What the exercise asks: Copy out the first line of the listing and every line after it, exactly, until you have copied the line containing "Louis Vuitton Damier".

Information given:
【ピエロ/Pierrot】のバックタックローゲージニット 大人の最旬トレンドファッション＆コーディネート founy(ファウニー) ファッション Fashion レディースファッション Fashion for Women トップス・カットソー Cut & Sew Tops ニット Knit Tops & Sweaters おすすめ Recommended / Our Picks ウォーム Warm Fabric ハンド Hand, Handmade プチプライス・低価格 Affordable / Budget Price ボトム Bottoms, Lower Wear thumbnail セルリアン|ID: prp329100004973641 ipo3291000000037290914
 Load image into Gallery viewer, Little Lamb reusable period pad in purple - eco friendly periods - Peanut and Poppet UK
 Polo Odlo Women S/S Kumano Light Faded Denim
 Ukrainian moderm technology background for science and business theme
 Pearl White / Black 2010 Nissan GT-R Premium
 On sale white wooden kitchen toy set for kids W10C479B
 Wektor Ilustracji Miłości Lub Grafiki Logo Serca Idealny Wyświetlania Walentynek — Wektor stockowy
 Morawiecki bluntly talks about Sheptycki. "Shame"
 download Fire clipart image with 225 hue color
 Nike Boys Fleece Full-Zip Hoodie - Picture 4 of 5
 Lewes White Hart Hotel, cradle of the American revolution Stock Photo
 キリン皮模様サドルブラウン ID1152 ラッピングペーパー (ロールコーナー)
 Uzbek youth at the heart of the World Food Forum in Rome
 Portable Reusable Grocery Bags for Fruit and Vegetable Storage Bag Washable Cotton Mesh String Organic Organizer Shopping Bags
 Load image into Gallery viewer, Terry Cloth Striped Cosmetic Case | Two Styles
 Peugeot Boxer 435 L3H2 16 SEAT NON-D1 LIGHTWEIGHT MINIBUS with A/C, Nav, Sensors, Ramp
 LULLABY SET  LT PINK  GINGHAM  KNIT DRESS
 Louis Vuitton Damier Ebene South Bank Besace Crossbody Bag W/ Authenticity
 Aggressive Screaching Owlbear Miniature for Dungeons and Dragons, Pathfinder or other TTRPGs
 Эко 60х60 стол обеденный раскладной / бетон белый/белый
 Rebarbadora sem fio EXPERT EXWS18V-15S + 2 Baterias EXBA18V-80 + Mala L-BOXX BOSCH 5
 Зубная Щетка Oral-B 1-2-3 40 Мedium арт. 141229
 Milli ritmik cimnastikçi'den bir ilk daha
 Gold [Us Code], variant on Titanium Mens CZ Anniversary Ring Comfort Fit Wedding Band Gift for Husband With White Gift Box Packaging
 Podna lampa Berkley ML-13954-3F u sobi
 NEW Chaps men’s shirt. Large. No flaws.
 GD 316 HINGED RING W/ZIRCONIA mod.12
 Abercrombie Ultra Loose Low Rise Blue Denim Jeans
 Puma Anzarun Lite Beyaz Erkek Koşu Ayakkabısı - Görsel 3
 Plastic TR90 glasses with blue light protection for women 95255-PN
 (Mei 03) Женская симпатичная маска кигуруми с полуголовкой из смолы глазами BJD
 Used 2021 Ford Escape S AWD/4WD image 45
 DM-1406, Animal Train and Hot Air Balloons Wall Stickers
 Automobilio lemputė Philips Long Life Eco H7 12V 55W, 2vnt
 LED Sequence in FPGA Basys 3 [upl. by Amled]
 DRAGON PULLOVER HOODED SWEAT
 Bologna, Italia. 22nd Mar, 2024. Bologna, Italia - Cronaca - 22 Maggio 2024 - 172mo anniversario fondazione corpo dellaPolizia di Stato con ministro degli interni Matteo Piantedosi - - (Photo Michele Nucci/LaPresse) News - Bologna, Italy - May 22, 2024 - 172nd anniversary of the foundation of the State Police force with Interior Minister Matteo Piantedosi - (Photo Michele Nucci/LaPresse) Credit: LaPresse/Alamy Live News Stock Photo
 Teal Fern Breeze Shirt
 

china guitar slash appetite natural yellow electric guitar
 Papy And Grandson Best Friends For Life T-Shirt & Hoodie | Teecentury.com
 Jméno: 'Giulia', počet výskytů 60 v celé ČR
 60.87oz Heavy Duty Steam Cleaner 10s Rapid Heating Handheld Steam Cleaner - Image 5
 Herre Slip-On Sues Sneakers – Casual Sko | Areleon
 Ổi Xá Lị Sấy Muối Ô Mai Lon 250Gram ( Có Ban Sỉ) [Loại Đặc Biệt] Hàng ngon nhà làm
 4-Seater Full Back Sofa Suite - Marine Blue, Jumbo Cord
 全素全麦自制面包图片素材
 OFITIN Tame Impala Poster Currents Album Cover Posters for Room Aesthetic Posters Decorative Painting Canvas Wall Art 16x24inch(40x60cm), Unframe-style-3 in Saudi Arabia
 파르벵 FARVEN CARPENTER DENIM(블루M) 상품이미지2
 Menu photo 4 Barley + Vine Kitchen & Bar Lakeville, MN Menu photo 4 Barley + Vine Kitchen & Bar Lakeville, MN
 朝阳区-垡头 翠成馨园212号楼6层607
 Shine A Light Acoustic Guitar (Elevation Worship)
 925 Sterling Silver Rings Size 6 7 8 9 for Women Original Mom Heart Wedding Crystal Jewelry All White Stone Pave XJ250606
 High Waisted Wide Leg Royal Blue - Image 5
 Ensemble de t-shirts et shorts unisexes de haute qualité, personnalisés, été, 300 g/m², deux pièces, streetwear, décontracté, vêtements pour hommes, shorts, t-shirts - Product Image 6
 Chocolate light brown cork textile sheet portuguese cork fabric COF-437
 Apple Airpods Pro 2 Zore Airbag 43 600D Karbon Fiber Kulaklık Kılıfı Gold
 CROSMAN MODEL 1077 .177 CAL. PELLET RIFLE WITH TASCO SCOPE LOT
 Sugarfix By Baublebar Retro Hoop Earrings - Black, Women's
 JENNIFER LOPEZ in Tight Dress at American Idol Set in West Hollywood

Result:
【ピエロ/Pierrot】のバックタックローゲージニット 大人の最旬トレンドファッション＆コーディネート founy(ファウニー) ファッション Fashion レディースファッション Fashion for Women トップス・カットソー Cut & Sew Tops ニット Knit Tops & Sweaters おすすめ Recommended / Our Picks ウォーム Warm Fabric ハンド Hand, Handmade プチプライス・低価格 Affordable / Budget Price ボトム Bottoms, Lower Wear thumbnail セルリアン|ID: prp329100004973641 ipo3291000000037290914
 Load image into Gallery viewer, Little Lamb reusable period pad in purple - eco friendly periods - Peanut and Poppet UK
 Polo Odlo Women S/S Kumano Light Faded Denim
 Ukrainian moderm technology background for science and business theme
 Pearl White / Black 2010 Nissan GT-R Premium
 On sale white wooden kitchen toy set for kids W10C479B
 Wektor Ilustracji Miłości Lub Grafiki Logo Serca Idealny Wyświetlania Walentynek — Wektor stockowy
 Morawiecki bluntly talks about Sheptycki. "Shame"
 download Fire clipart image with 225 hue color
 Nike Boys Fleece Full-Zip Hoodie - Picture 4 of 5
 Lewes White Hart Hotel, cradle of the American revolution Stock Photo
 キリン皮模様サドルブラウン ID1152 ラッピングペーパー (ロールコーナー)
 Uzbek youth at the heart of the World Food Forum in Rome
 Portable Reusable Grocery Bags for Fruit and Vegetable Storage Bag Washable Cotton Mesh String Organic Organizer Shopping Bags
 Load image into Gallery viewer, Terry Cloth Striped Cosmetic Case | Two Styles
 Peugeot Boxer 435 L3H2 16 SEAT NON-D1 LIGHTWEIGHT MINIBUS with A/C, Nav, Sensors, Ramp
 LULLABY SET  LT PINK  GINGHAM  KNIT DRESS
 Louis Vuitton Damier Ebene South Bank Besace Crossbody Bag W/ Authenticity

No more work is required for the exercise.